South Korea’s won led the declines as a gauge of manufacturing in China, the nation’s biggest export market, fell to a seven-month low. Thailand’s baht had its steepest five-day drop this year as anti-government protests turned deadly, while violence in Ukraine also dampened sentiment.
Fed policymakers backed further stimulus cuts at their review last month, the minutes of their meeting showed, a program that drove capital into developing countries.
The Bloomberg JPMorgan-Asia Dollar Index, which tracks the region’s 10 most-active currencies, declined 0.6 percent last week, the biggest decline since Aug. 23, to 115.33 in Singapore. The won dropped 0.8 percent, the most in a month, to 1,072.09 per US dollar in Seoul, data compiled by Bloomberg shows.
The New Taiwan dollar fell 0.2 percent to NT$30.395 against the US dollar this week. The greenback opened lower on Friday, as traders pocketed gains generated from a day earlier and foreign institutional investors bought a net NT$10.36 billion (US$340.85 million) of Taiwanese shares, dealers said.
However, the weakness of regional currencies, especially the won, central bank intervention and concern over China’s weak manufacturing report eased the pressure on the greenback, they said.
A preliminary purchasing managers index of factory output in China fell to 48.3 this month from 49.5 last month, HSBC Holdings PLC and Markit Economics reported on Thursday, below the median estimate in a Bloomberg survey of 49.5. A reading lower than 50 indicates contraction.
The yuan dropped 1.2 percent from Feb. 14 to 6.1082 per US dollar in the offshore market in Hong Kong, according to data compiled by Bloomberg. The onshore rate declined 0.4 percent in Shanghai to 6.0914, the biggest five-day loss since June 2012.
In Thailand, a violent clash between police and protesters on Tuesday left five people dead and injured at least 69. The demonstrators are ramping up efforts to oust tHAI Prime Minister Yingluck Shinawatra on claims her government is corrupt.
The baht dropped 0.7 percent this week to 32.555 per US dollar in Bangkok, taking its loss for the past three months to 2.4 percent, the third-worst performance in Asia after the Malaysian ringgit and the NT dollar.
Elsewhere in the region, India’s rupee weakened 0.3 percent during the five days to 62.13 versus the greenback in Mumbai. The ringgit climbed 0.3 percent for a third weekly advance to 3.2954 and Indonesia’s rupiah strengthened 0.7 percent to 11,743. The Philippine peso gained 0.4 percent to 44.555, while the Vietnamese dong was steady at 21,105.

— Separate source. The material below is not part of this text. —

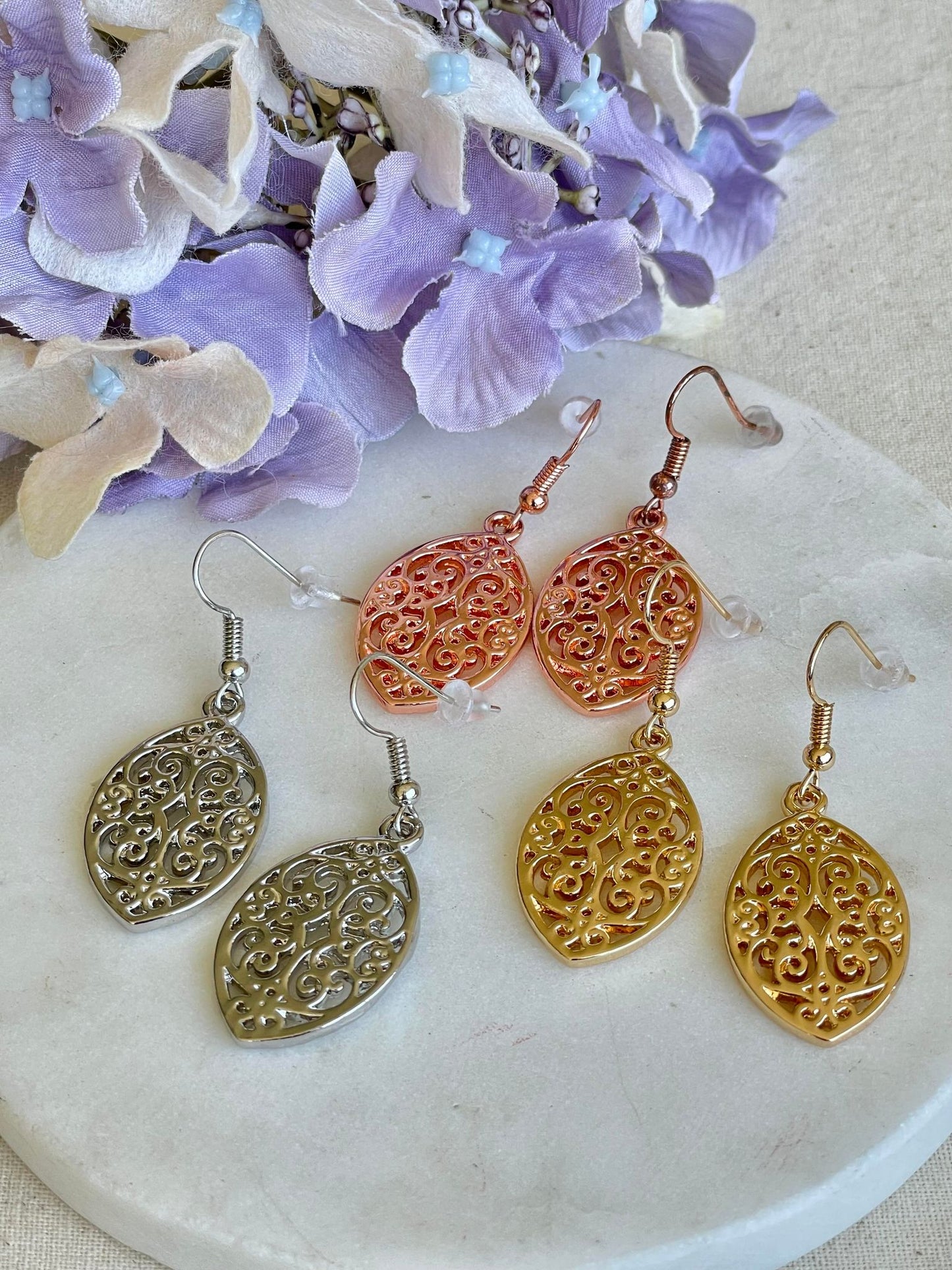 Silver filigree earrings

The US dollar also rose the most against the yen this year as the Bank of Japan maintained its monetary stimulus while the Fed backed stimulus tapering.
The yen fell against most of its 16 major peers after the Bank of Japan doubled a funding tool to ￥7 trillion (US$68 billion) and said individual banks may borrow twice as much low-interest money as previously allowed under a second facility.
The US dollar rose 0.7 percent this week to ￥102.66 in New York, the biggest gain since the week ended Dec. 27. It dropped 0.4 percent to US$1.3746 per euro, a third weekly decline. The yen fell 1.1 percent to ￥140.90 per euro.